Use Java locking knowledge to recognize where Clojure needs an atom, ref transaction, agent, queue, or plain immutable value instead of synchronized blocks and manual unlock discipline.
Java developers learn to ask, “Which lock protects this data?” Clojure pushes a different first question: “Why is this data shared and mutable at all?” That shift matters more than the syntax difference between synchronized and swap!.
Locking: Coordinating access to mutable state so that one thread at a time can observe or change a protected invariant.
In Clojure, you still run on the JVM and can still use Java locks when a Java API requires them. But idiomatic Clojure usually reduces the amount of code that needs mutual exclusion by moving ordinary work into immutable values and isolating state changes behind reference types.
Do not translate Java mechanisms one-for-one. Translate the reason the mechanism was used.
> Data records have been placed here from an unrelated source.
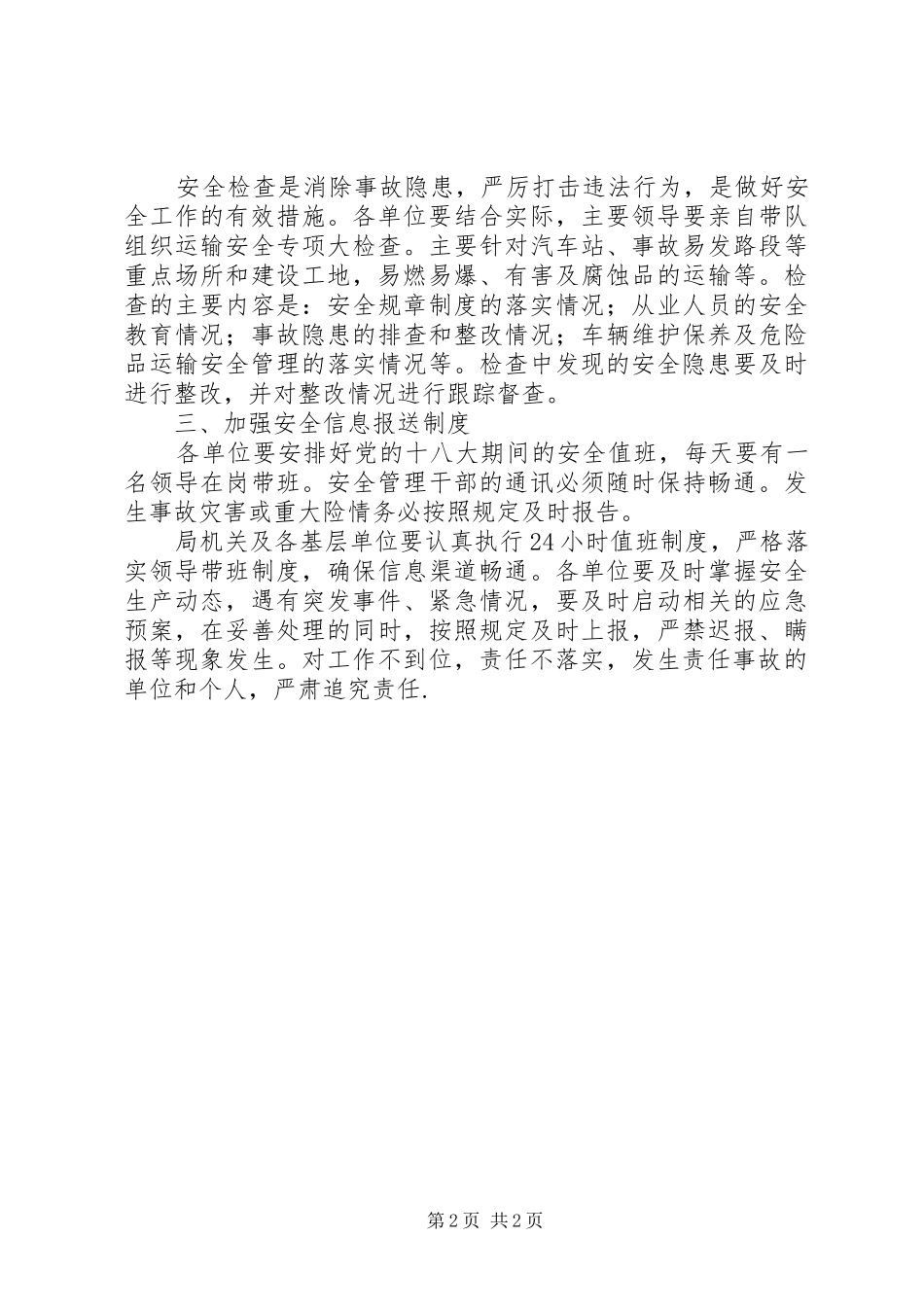 某市“十八大”期间交通系统安全生产监管督导实施方案_第2页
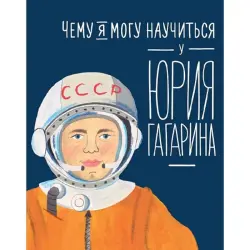 Кудь-Сверчков Сергей BK-00096045 | Бизнес-литература твердый переплет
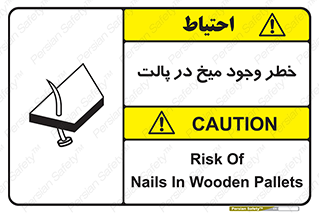 تابلوی ایمنی خطر وجود میخ در پالت – طرح 12274
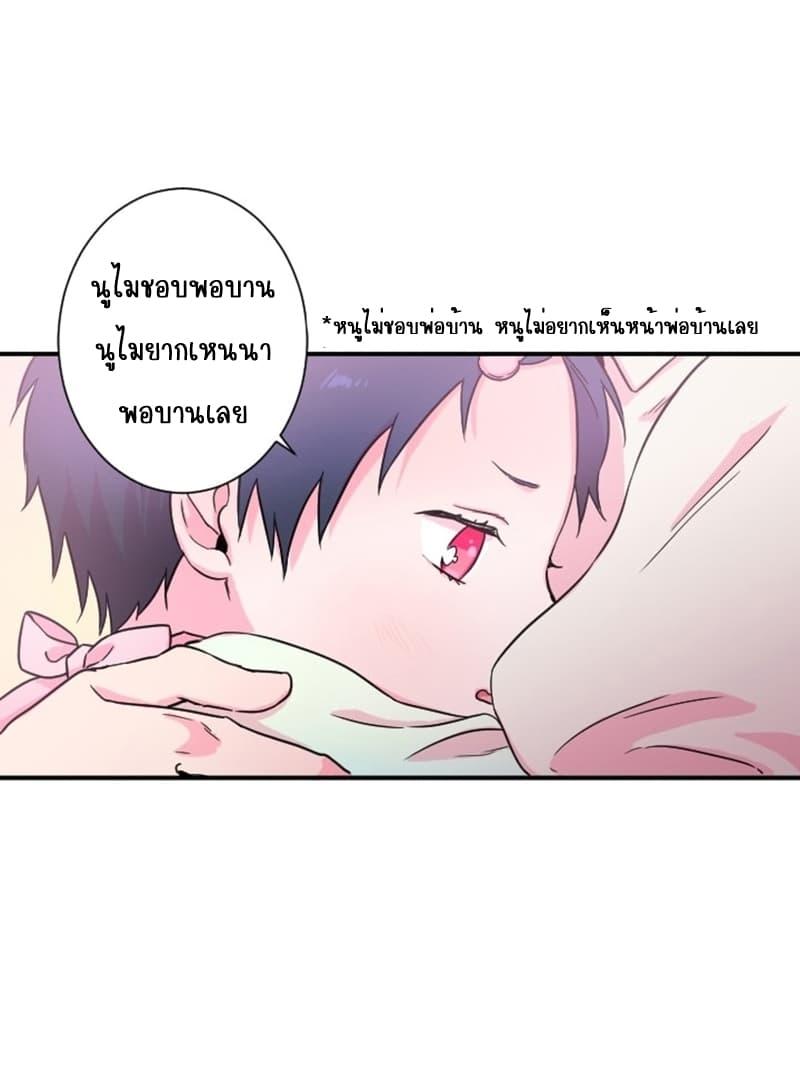Manga-lc-com อ่านมังงะ อ่านการ์ตูน ออนไลน์ ฟรี Lady Baby ตอนที่ 1 2 3 4 5 6 7 8 9 10 11 12 13 14 ฟรี ไม่มีโฆษณา Manga-lc - อ่าน มังงะ อ่าน การ์ตูน ออนไลน์ อ่านมังงะ ฟรี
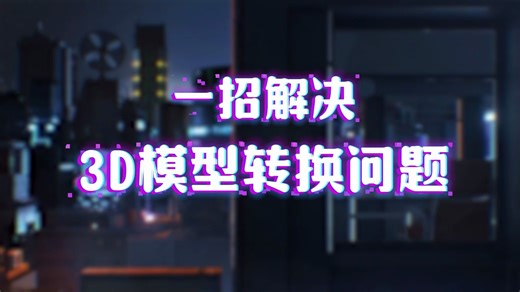 【3D模型】模型师必备神器，3D模型转格式一招搞定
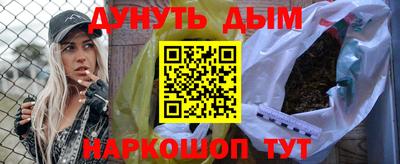 прущая мука Комсомольск-на-Амуре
| Java mechanism | What it usually protects | Clojure replacement to consider |
|---|---|---|
synchronized method |
One object’s mutable fields | Atom holding an immutable map when the whole invariant fits in one value |
ReentrantLock |
Explicit critical section | Atom, ref transaction, or a Java lock only at an interop boundary |
Semaphore |
Limited permits for a scarce resource | Java Semaphore, bounded executor, or queue when capacity control is the real requirement |
ReadWriteLock |
Many readers, few writers | Immutable snapshots in an atom so readers do not lock |
| Multiple locks | Cross-object invariant | Refs inside one dosync transaction |
Java locking knowledge remains valuable because it helps you recognize contention, deadlock risk, visibility bugs, and accidental shared state. The Clojure move is to make those risks smaller and more visible.
This Java class uses a monitor to protect one mutable field:
1public final class Counter {
2 private int count = 0;
3
4 public synchronized void increment() {
5 count++;
6 }
7
8 public synchronized int value() {
9 return count;
10 }
11}
The important detail is not just the synchronized keyword. The important detail is the invariant: every read and write of count must go through the same monitor. If another method touches count without synchronization, the class is no longer correct.
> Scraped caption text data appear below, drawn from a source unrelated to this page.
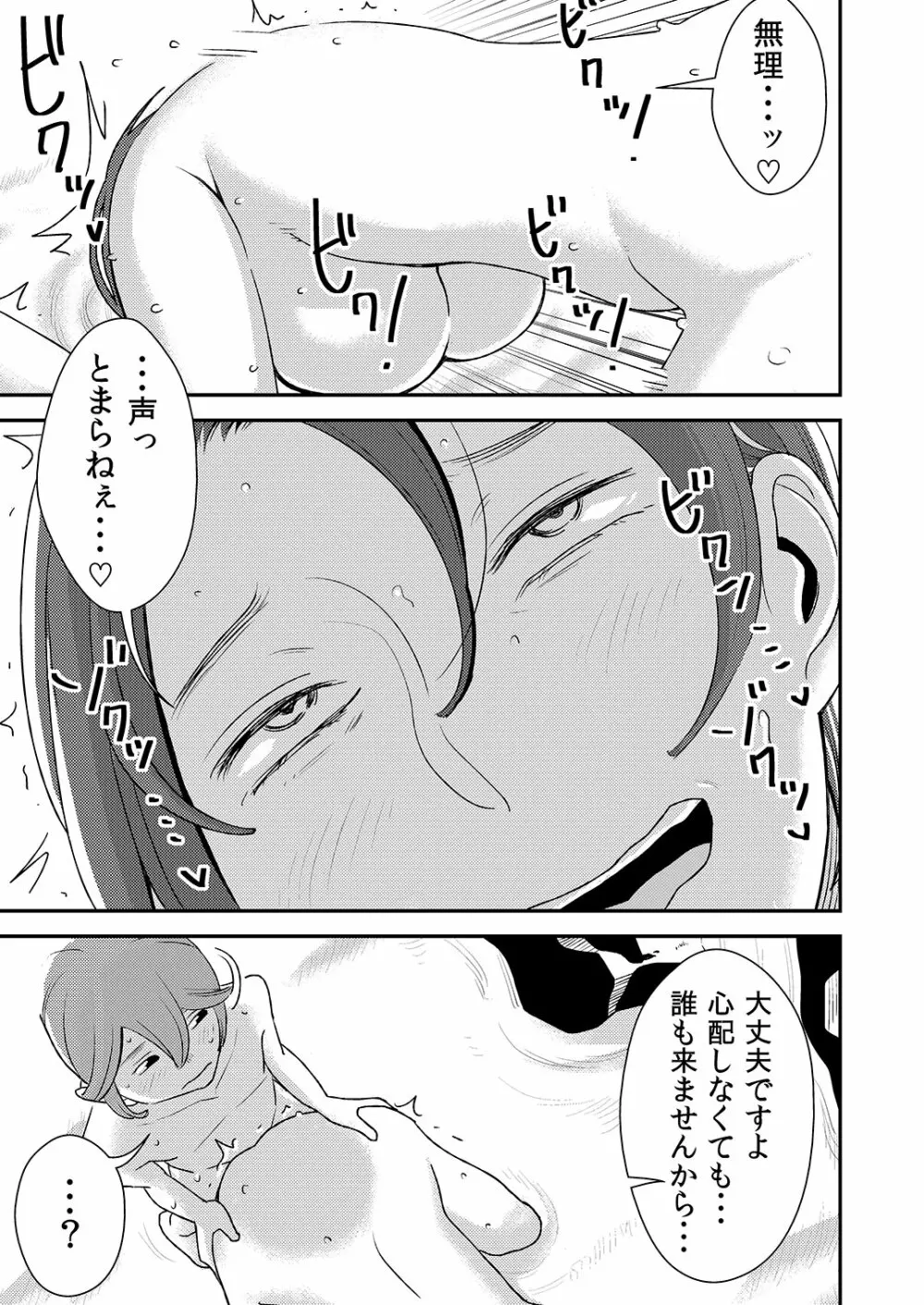 憧れの先輩に ～はだかの乱交ビーチ!～ - page9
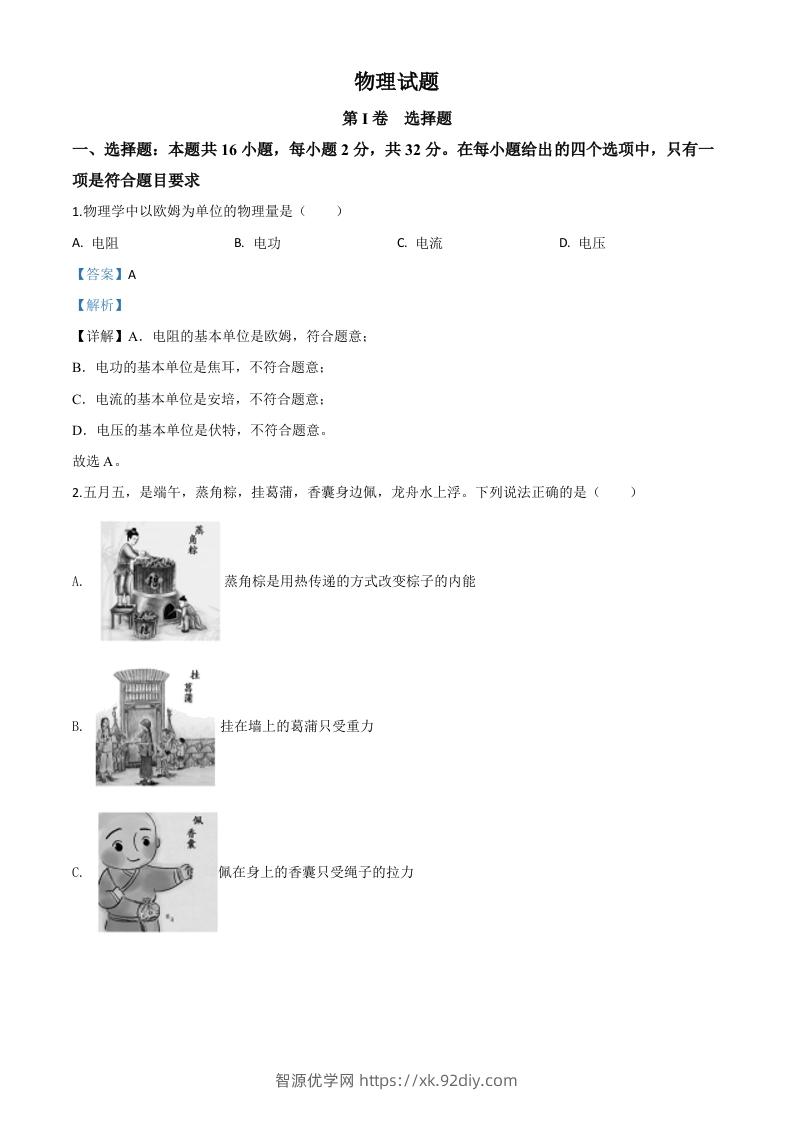 2020年福建省中考物理试题（含答案）-智源优学网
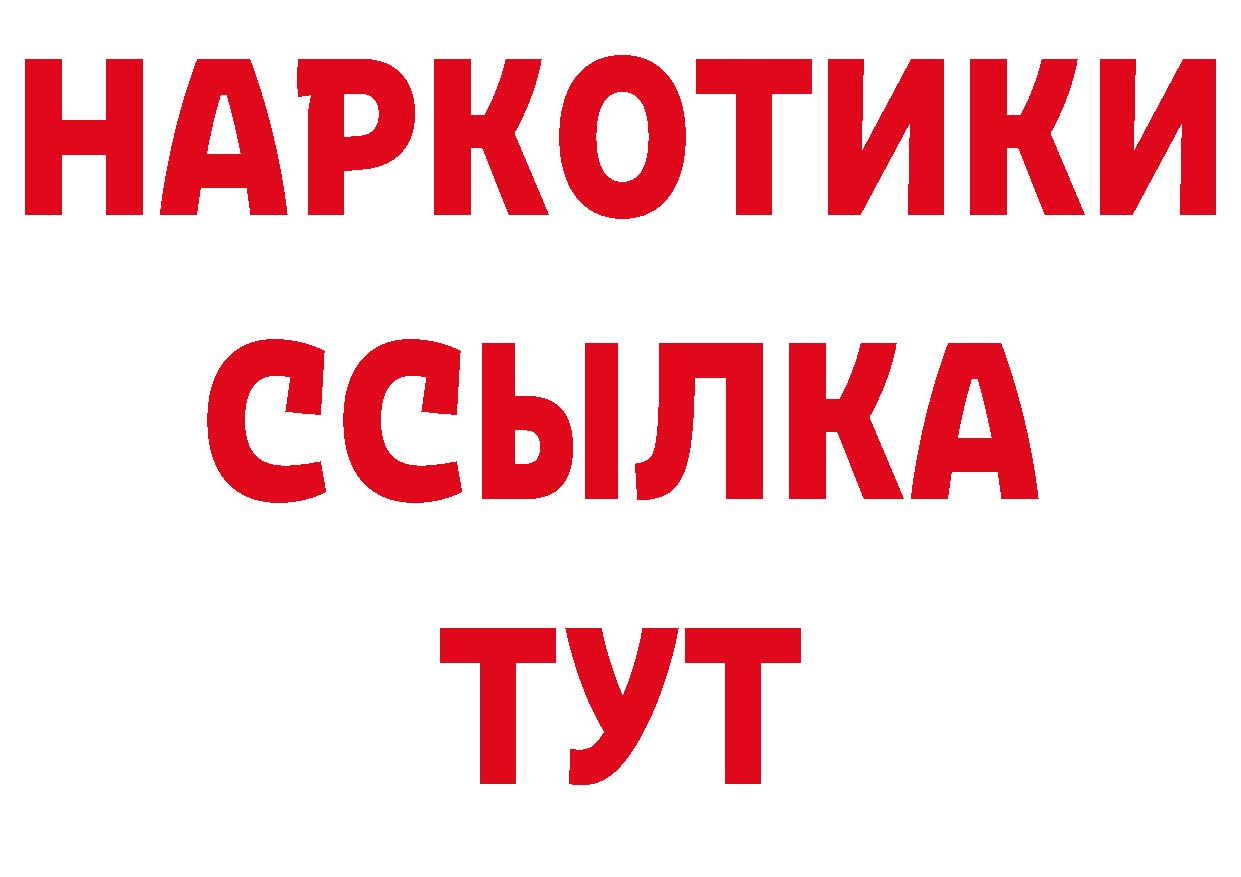 Бутират BDO зеркало площадка ОМГ ОМГ Конаково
In Clojure, the mutable cell is explicit and small. The value inside it is immutable.
1(def counter (atom {:count 0}))
2
3(defn increment! []
4 (swap! counter update :count inc))
5
6(defn value []
7 (:count @counter))
swap! applies a function to the current value and installs the result atomically. The function may be retried, so it must be pure: no logging, I/O, random UUID creation, or database writes inside the function passed to swap!.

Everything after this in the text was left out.